Algumas obras ajudam no processo de justificação:

Provérbios 10:12: “O ódio excita contendas, mas o amor cobre todas as
transgressões”.

Tiago 5:20: “Sabei que aquele que converte o pecador do seu
caminho errado salvará da morte a alma dele e cobrirá multidão de pecados”.

I Pedro 4:8: “Acima de tudo, porém, tende amor intenso uns para com os
outros, porque o amor cobre multidão de pecados”.

É interessante que um dos malfeitores, após contemplar Jesus na cruz, manifestou fé em Seu sacrifício, e mesmo pregado no madeiro, produziu obras, pois ele repreendeu o outro
malfeitor que zombava de Jesus, testemunhando Seu amor.

Podemos concluir que somos justificados pela fé e pelas obras, uma vez que é impossível desconectar esses dois aspectos da justificação. Assim harmonizamos a obra de Jesus em nós (santificação/obras) com a obra de Jesus por nós (justificação na cruz/fé).

Infelizmente muitos professos cristãos estão vivendo um cristianismo destituído de obras, com uma fé morta.
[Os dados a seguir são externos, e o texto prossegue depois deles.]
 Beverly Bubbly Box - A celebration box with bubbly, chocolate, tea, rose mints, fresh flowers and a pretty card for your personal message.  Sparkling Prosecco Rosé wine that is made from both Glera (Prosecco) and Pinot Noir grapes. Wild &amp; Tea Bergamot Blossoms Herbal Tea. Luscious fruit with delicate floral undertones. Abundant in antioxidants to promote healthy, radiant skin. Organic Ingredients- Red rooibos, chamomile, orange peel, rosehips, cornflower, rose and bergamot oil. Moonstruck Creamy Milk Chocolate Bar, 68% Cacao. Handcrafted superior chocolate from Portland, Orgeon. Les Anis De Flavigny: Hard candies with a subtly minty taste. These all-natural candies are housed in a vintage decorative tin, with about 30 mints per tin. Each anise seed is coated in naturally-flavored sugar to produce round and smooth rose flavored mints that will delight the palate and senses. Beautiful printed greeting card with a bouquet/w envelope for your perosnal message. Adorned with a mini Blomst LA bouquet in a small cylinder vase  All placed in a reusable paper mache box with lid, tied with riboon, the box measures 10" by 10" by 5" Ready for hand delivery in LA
Ao mesmo tempo em que não devemos super-enfatizar as obras como meio de salvação, não podemos destituí-las de seu significado bíblico, ou seja, presente na vida daquele que manifesta fé verdadeira em Cristo.

Referências:
[i] Alberto R. Timm, O Movimento Adventista e a Justificação Pela Fé, (São Paulo, SP: Instituto Adventista de Ensino, 1988), 38. Esta ênfase minimiza o processo de santificação realizada pela obra de Cristo em nós.
[ii] Russel Norman Champlin, O Novo Testamento Interpretado Versículo por Versículo, (São Paulo, SP: Editora Hagnos, 2002), 1 e 2.
[iii] Ellen G. White, Comentario Biblico Adventista del Séptimo Día, 7-A, Comentários de E. G. de White, (Buenos Aires: Asociacion Casa Editora Sudamericana, 1994), 948.
[iv] Nisto Cremos, (Tatuí, SP: Casa Publicadora Brasileira, 1997), 173.
[v] _____, O Novo Testamento Interpretado Versículo por Versículo, 51.
[vi] Francis D. Nichol, ed., The Seventh-day Adventist Bible Commentary (Hagertown, MD: Review and Herald Publishing Association, 1980) 523.